Accende un braciere in casa e intossica la moglie, per la Procura non è stato un incidente ma tentato omicidio

Una famiglia era stata soccorsa in casa a Como per un principio di intossicazione da monossido di carbonio lo scorso 26 gennaio. Il gas letale era stato sprigionato da un braciere che il padre, un 50enne, aveva detto di aver acceso in camera da letto per scaldare l'appartamento. Per la Procura, però, non si sarebbe trattato di un incidente, quanto piuttosto di un tentato omicidio e per questo motivo ha disposto per l'uomo il braccialetto elettronico e l'allontanamento da casa.
Le indagini, durate quasi un mese, sono scattate in seguito alla denuncia della moglie del 50enne. La donna, di 42 anni, era riuscita a salvarsi dall'intossicazione da monossido di carbonio solo grazie a un trattamento in camera iperbarica. Cosa che non si è rivelata necessaria per i tre figli minorenni della coppia, che comunque erano stati trasportati in ospedale in via precauzionale.
Stando a quanto ricostruito dagli investigatori, la notte tra il 25 e il 26 gennaio il 50enne, operaio tessile di origine tunisina e residente a Como da anni, avrebbe tentato di uccidere la moglie. L'uomo avrebbe acceso il braciere nella camera da letto che condivideva con la moglie nel loro appartamento in una casa popolare del quartiere Breccia per vendicarsi della donna, la quale poche ore prima gli aveva detto di volersi separare da lui.

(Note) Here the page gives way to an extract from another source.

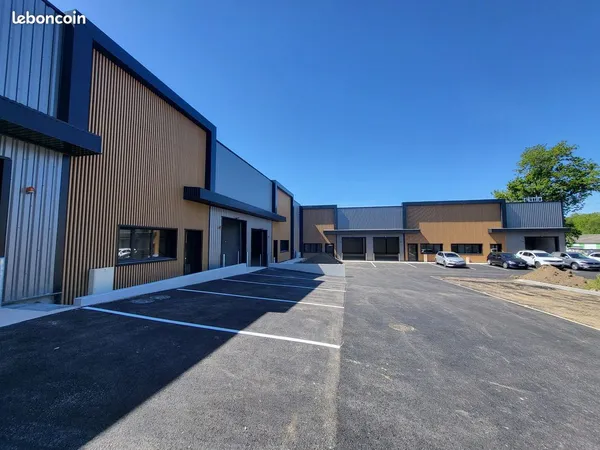 Local 200 m² Saint-Avé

I soccorsi erano scattati poco dopo le 6 di mattina del 26 gennaio e al loro arrivo nell'abitazione avevano subito rilevato una concentrazione altissima di monossido di carbonio, individuando nel braciere la sorgente. A chiamare il 112 sarebbe stato lo stesso 50enne e per questo motivo nei suoi confronti è stata applicata la misura dell'allontanamento da casa e il braccialetto elettronico, ma non la custodia in carcere.